Il est constant que la construction actuellement existante n’est pas conforme à l’article UB 12 du règlement du plan local d’urbanisme. Toutefois, les travaux projetés ont pour seul objet l’extension de la maison individuelle existante, sans changer sa destination en tant que maison individuelle et, donc, sans créer de nouveau logement ni créer de nouvelle construction.
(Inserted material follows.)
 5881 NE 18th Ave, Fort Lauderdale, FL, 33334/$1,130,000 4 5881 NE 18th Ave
Dans ces conditions, les travaux entrepris sont étrangers aux dispositions de l’article UB 12 du règlement du plan local d’urbanisme et le moyen tiré de la méconnaissance de cet article doit donc être écarté.
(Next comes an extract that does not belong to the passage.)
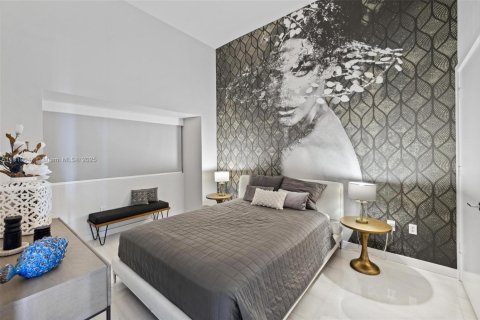 Condo in Miami, Florida, 4 bedrooms  № 1776445 - photo 19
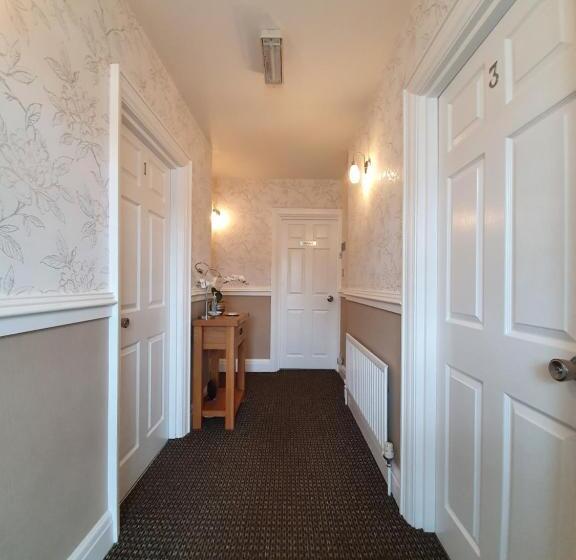 Bed and Breakfast Tregarthen   Adult Only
En cinquième lieu, aux termes de l’article UB 13 du règlement du plan local d’urbanisme de la commune de Cormeilles-en-Parisis : « aménagement des espaces libres, plantations / Les espaces libres de construction, hors accès et stationnement, doivent comprendre des espaces verts en pleine terre, plantée à raison d’un arbre de haute tige, de préférence fruitier ou feuillu, pour 200 m² de cette surface. ».
Il ressort des pièces du dossier que le terrain assiette du projet comprend seulement 115,70 m2 d’espaces libres de construction, de telle sorte que la condition relative à la plantation d’un arbre de haute tige n’est pas applicable.
Il résulte de tout ce qui précède, et sans qu’il soit besoin de se prononcer sur les fins de non-recevoir opposée en défense, que les conclusions à fin d’annulation présentées par M. E… doivent être rejetées.
Sur les frais de l’instance :
Les dispositions de l’article L. 761-1 du code de justice administrative font obstacle à ce qu’une somme soit mise à la charge de la commune de Cormeilles-en-Parisis, qui n’est pas, dans la présente instance, la partie perdante, au titre des frais exposés et non compris dans les dépens.
Dans les circonstances de l’espèce, il n’y a pas lieu de mettre à la charge de M. E… le versement d’une somme au titre de l’article L. 761-1 du code de justice administrative.
D E C I D E :
Article 1er : La requête de M. E… est rejetée.
Article 2 : Les conclusions présentées par la commune de Cormeilles-en-Parisis au titre de l’article L. 761-1 du code de justice administrative sont rejetées.
Article 3 : Le présent jugement sera notifié à M. D… E…, à M. C… A… et à la commune de Cormeilles-en-Parisis.
Délibéré après l’audience du 10 mars 2026, à laquelle siégeaient :
M. Beaufa s, président,
Mme Cuisinier-Heissler, première conseillère,
M. Jacquinot, conseiller,
Rendu public par mise à disposition au greffe le 31 mars 2026.
Le rapporteur,
Signé
M. Jacquinot
Le président,
Signé
F. Beaufa s
La greffière,
Signé
M. B…
La République mande et ordonne au préfet du Val-d’Oise en ce qui le concerne ou à tous commissaires de justice à ce requis en ce qui concerne les voies de droit commun contre les parties privées, de pourvoir à l’exécution de la présente décision.